▸ Problem
Repeat exactly the lines of the entries below from the one with "Afbeelding van Ravensburger" through the one with "Catahoala Leopard Dog", both ends included, and nothing else.

▸ Dataset extract
......

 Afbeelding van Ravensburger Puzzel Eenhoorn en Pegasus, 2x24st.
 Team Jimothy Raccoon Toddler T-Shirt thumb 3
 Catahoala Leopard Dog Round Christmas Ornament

......

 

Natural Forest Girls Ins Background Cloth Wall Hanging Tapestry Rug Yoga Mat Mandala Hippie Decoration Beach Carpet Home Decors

......

▸ Answer below
 Afbeelding van Ravensburger Puzzel Eenhoorn en Pegasus, 2x24st.
 Team Jimothy Raccoon Toddler T-Shirt thumb 3
 Catahoala Leopard Dog Round Christmas Ornament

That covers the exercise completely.